# diesel additives



## dethleff (Jun 25, 2005)

Anyone use Diesel fuel additives?
Been reading a lot of independent diesel webpages, that say these (top quality) products are not snake oil remedies, that most motorists think they are.
Stan


----------



## DABurleigh (May 9, 2005)

I use Millers Diesel clean / powerplus intermittently, usually after a spate of supermarket fuel.

Dave


----------



## dethleff (Jun 25, 2005)

DABurleigh said:


> I use Millers Diesel clean / powerplus intermittently, usually after a spate of supermarket fuel.
> 
> Dave


how do you add it
Stan


----------



## 96105 (Aug 23, 2005)

*fuel*



DABurleigh said:


> I use Millers Diesel clean / powerplus intermittently, usually after a spate of supermarket fuel.
> 
> Dave


 hi DABurleigh

do you find supermarket fuel a poor quality, just interested :wink:

saruman


----------



## DABurleigh (May 9, 2005)

I use honestjohn as the bible on such matters. For example:
http://www.honestjohn.co.uk/motoring_answers/index.htm?id=183

You add it from a bottle into the tank before you fill up.

Dave


----------



## sallytrafic (Jan 17, 2006)

I thought it was reasonably established in an earlier thread that there was no difference between brands and supermarket fuel unless a specific mention was made ie High Octane or Bio Diesel. See http://www.motorhomefacts.com/ftopic-13269.html&highlight=fuel


----------



## DABurleigh (May 9, 2005)

I am confident that all finished fuels are not the same and that there is no standard for additives.
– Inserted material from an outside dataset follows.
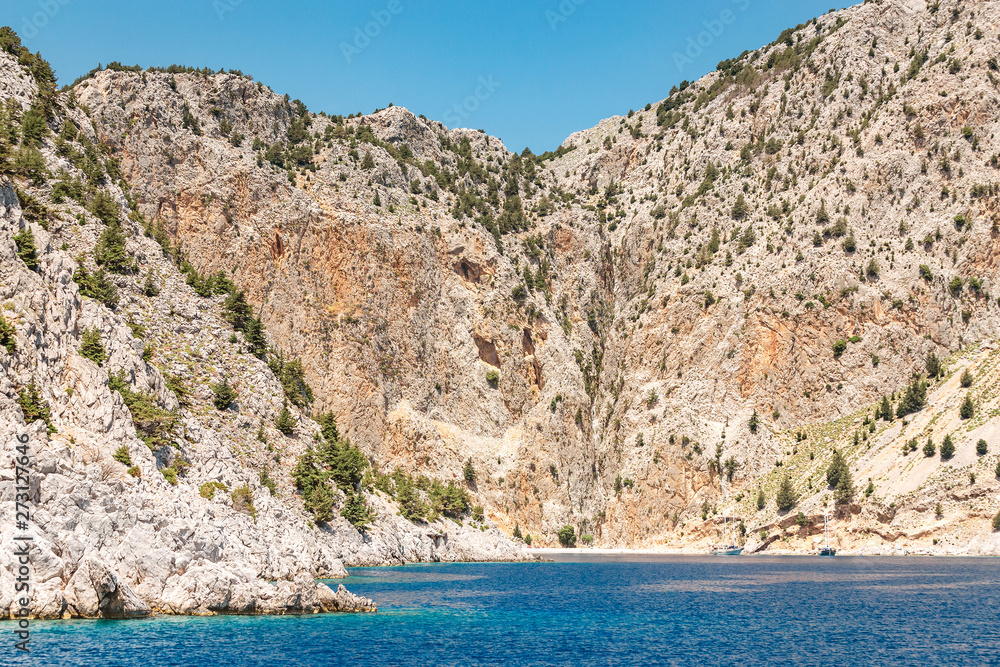 Picturesque St. George Bay with Rocky Cliffs in Symi island, Greece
But I freely admit that to a degree I use Millers additive for its peace-of-mind qualities.

Dave


----------



## 96105 (Aug 23, 2005)

*diesel*

hi 
throw delivering the product i do see a colour change in certain types of diesel certain companys do add differant addatives in in low sulphur diesel at thr terminal level so they can call it there own :wink: 
shell bp and the like, :wink: IMHO supermarket fuel is ok [it has to be trading standards do check them ] but
for peace of mind i use a addative and shell or bp... :!:

saruman 
____________________________________________________
tanker driver


----------



## 97361 (Jan 20, 2006)

I have been using the Redex product for some time now,and I bet my tyres that I get more miles to gallon when I do use it.On one trip to southern France I forgot to add anything but on the return journey I added
every time and I'm sure it made a difference to consumtion.If its only a slight difference,then it has paid for itself and probably done some good
to the upper motor ,only of course we don't know this.Anyway I will carry on using it while I can get it cheaper.( 2 quid or so). Probably be lucky to afford the Derv this time next year! I have also stepped up to the 2.8 litre
engine after the 2.0 litre of my last motohome,so I know I'm gonna see a difference.


----------



## tramp (May 25, 2005)

*diesel addative*

hi all,
we use ONLY shell or Bp fuel were possible and always add millers fuel clean[diesel] addative to the fuel filter- just unscrew fuel filter tip old fuel away add adative to filter reconnect and then start up  whatch the smoke disappear and the engine will reve cleaner due to the injectors being clean of all the muck :roll: . on some cars this needs to be done every year to get through the mot .

if you want to see if injectors need cleaning just drop from 4th to 3rd at 40mph and floor the throttel watch for the black smoke-its all the soot and filth in the exhaust/combustion system.

tramp


----------



## Wanderwagon3 (May 27, 2005)

*As Topic*

G'day All

I used Millers diesel additive from about 3 months before first MOT and subsequently  about every other tankfull to when I changed vehicle at 64000 miles. Duetto on Ford Transit.2.5L TD. Emissions read out at MOT were always " well below average".

Now have a Renault Master comon rail diesel and done 10500 miles since new.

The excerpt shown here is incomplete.